We simply use the verb to which we add the ending -s in the 3rd person singular:

  • I like football and my father likes tennis.
  • I live in France but my sister lives in England.

⚠️ When the verb ends with –s, -x, -sh, -sh, -ch, or -o, we add –es at the end:

  • I go => He goes
  • I do => He does
  • I watch => He watches
  • I wash => He washes

⚠️ Be careful, when the verb ends with a consume + y, the -y must be replaced by -ies:

  • I worry => He worries
  • I try => He tries
  • I apply => He applies
  • I copy => He copies
  • I cry => He cries
  • I carry => He carries

⚠️ If the verb ends with a vowel + y, it is the same as for all other verbs. It is just necessary to add an -s in the 3rd person singular (he / she / it):

  • I buy => He buys
  • I pay => He pays
  • I say => He says
  • I play => He plays

⚠️He can or He cans? => Modal verbs do not change in the third person singular!

  • I can => He can (NOT ‘He cans’)
  • I could => He could
  • I would => He would
  • I should => He should

To make an interrogative sentence

The DO auxiliary at the beginning of the sentence should be used at the beginning of the sentence:

do I / we / you / they work ?
does he / she / it work ?

Be careful, no -s at the end of the verb in the third person singular when it is an interrogative sentence!

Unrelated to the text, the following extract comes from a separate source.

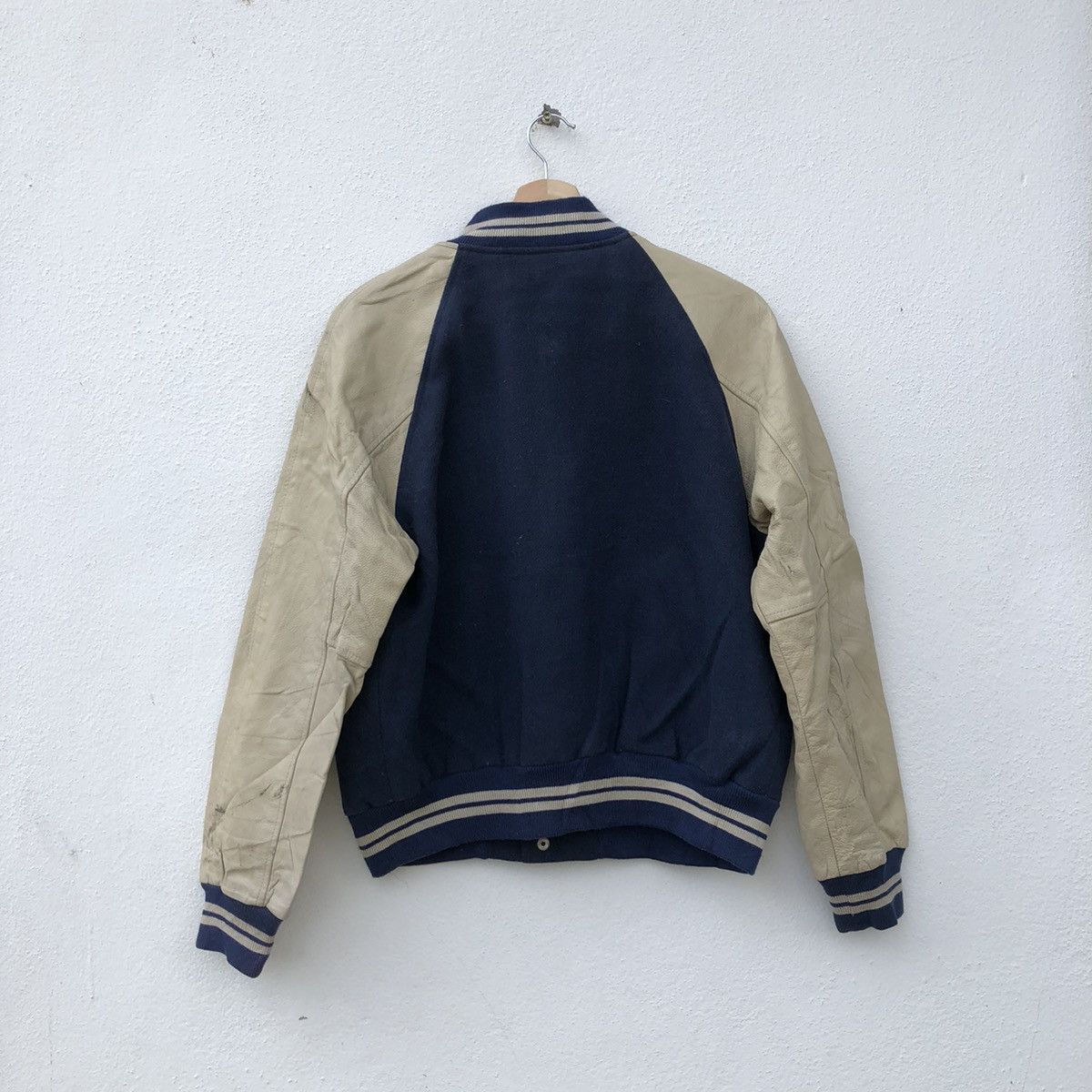 Japanese Brand VARSITY JACKET LEATHER SLEEVE BIG LOGO Size US M / EU 48-50 / 2 - 6 Thumbnail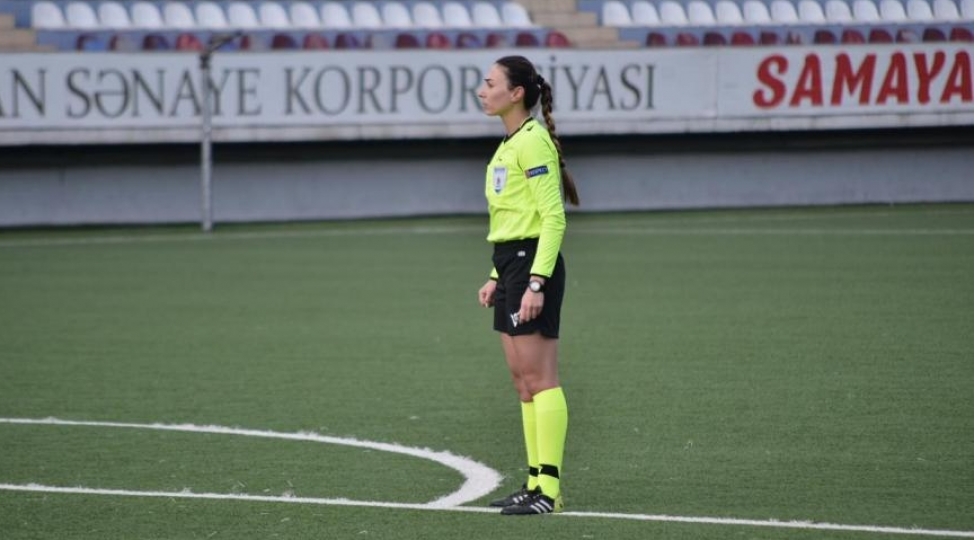 azerbaycanin-fifa-referilerinin-sirasina-yeniden-qadin-hakim-elave-olunub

  • Do you come from France ? (NOT ‘Do you comes from France?’)
  • Does it rain ? (NOT ‘Does it rains ?’)

⚠️ We can also add a question word at the beginning of the question (what, why…), followed by DO and the verb WITHOUT -S TO THE THIRD PERSON OF THE SINGULAR!

  • What does it mean ? (NOT ‘What does it means ?’)
  • Where do you live?
  • What does he like?
  • When do they start?

To make a negative sentence

The auxiliary do must be used in the present simple and negative form, i. e. DO / DOES + NOT or the contracted form DON’T / DOESN’T :

I / we / you / they don’t work (= do not work).
he / she / it doesn’t work (= does not work).

  • She doesn’t speak french (= She does not speak french).
  • I don’t go to the restaurant very often.
  • I don’t like hamburgers.
  • It doesn’t snow in Thailand.
  • He does not live in Paris (= He doesn’t live in Paris).

⚠️ DO is sometimes the main verb:

  • What do you do?
  • He doesn’t do anything to help us.

2/ Utilisation

* The following verbs are often used in the simple present tense to suggest, express feelings, opinions, will, give opinions or express appearances:

I apologise / I advise / I want / I insist / I like / I love / I know / I hate / I agree / I refuse / I think / I remember / I believe / I need / I seem / I look

  • I promise I will clean my room.
  • I want to go to New York for Christmas.
  • He seems to be a nice guy.
  • I don’t believe in ghosts.
  • I apologise for what I did.
  • They hate dogs.
  • I suggest we go out for a walk.
  • My mum looks angry today.
  • Kat knows how to play the guitar.

* To express the frequency and say how often we do certain things:

  • I play football every day.
  • I start my job at 9am every morning.
  • How often do you go to the supermarket ?
  • Tom doesn’t drink beer very often.
  • Linda usually goes abroad two or three times a year.

* You can also use a frequency adverb with the simple present:

Never / Rarely / Ever / Often / Always / Sometimes / Usually / Once a week / Twice a day / Every friday / Four times a year

Be careful to place it before the verb:

  • He never goes to the restaurant. (NOT ‘He goes never to the restaurant’)
  • I often go to the cinema. (NOT ‘I go often to the cinema’)
  • Do you always eat pizzas ? 
  • sometimes play football.

Sometimes and Usually can also be put at the beginning of a sentence:

  • Sometimes I play tennis with my brother.
  • Usually, I meet my friends on saturday.